There are quite a few interesting things about this story. The first is why anyone beyond his legion of teenybopper fans cares even a little about what Justin Bieber thinks or says. The second is how on earth we allowed ourselves to expect better from him.
Justin Bieber is a teenager who sings earworms for teenagers. This is his thing. He sings songs that consist largely of repeating the word “baby” over and over again, and he has developed a reputation for dabbling in altercations with the paparazzi. That’s it.
He’s not a diplomat, he’s not an ambassador, he’s just a kid who can sell records. That we expect heartfelt poetry from him in the Anne Frank House guestbook is laughably ludicrous. That we expect cultural sensitivity on his part equally so.
Bieber is a kid who became a star barely into his teens. He’s lived a life – and a level of celebrity – completely removed from the ordinary. Sure, perhaps we could speculate on the gaps in his education, but equally so, the kid didn’t stage an Amsterdam press conference waxing lyrical about his vast knowledge of World War II history. We only know about this story because it was seized upon by the tabloids.
Something I find particularly interesting here is the question of sensitivity. Accusations are being bandied around that Bieber was insensitive to write such a stupid, self-promoting thing in the guestbook. Equally so, that he was insensitive to keep his sunglasses on as he toured the house.
An idiot sure, but insensitive?
Sensitivity is on the table here because Anne Frank House is the place where the now famous diary was written and has acquired historical significance. The house is, however, also an enormously popular tourist attraction.
Bieber visited as a tourist and signed the guest book accordingly. We’re probing his words simply because the guestbook wasn’t at Disneyland or the Graceland Mansion; because it’s the Holocaust and different rules apply.
While I am not for a moment downplaying the horrific circumstances of Anne Frank’s hiding or death, a little bit of context is useful here.
I recently reread the Anne Frank diary while writing a book on menstruation.
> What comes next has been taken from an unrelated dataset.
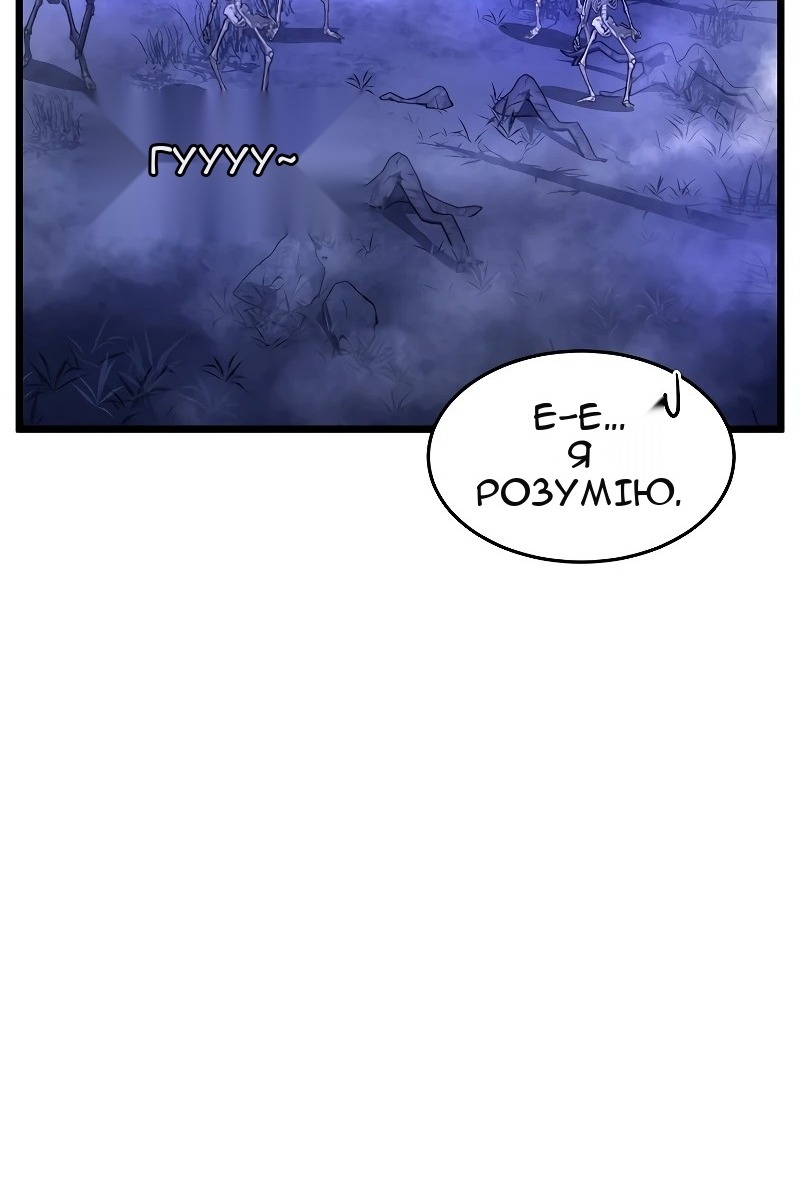 Сторінка 68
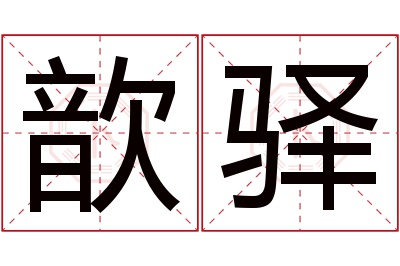 歆驿名字寓意 歆驿名字寓意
Not only did she write about waiting for her first period, about getting her first period; she also wrote about masturbation, about crushes, about her genitals. A useful reminder if ever there was one that she was a teenage girl.
Yes, she became famous because she lived during a horrific time in history, but she was also just a teenage girl. A teenage girl who, if she wasn’t a victim of the atrocities of her time, quite possibly would have been listening to pop music and rushing to the defence of her idol.
Maybe Bieber considered this point, maybe he didn’t. En masse we most certainly should.
Offense is personal and not for a moment would I dare downplay the upset this may have caused some people. But I think Bieber’s comments need to be taken with a grain of salt at most.
He’s not the voice of a generation – he’s not testimony to a culture of narcissism and educational deficits. He’s a singer of questionable quality and undisputed popularity. Reading anything more than this is playing into the hands of the tabloids.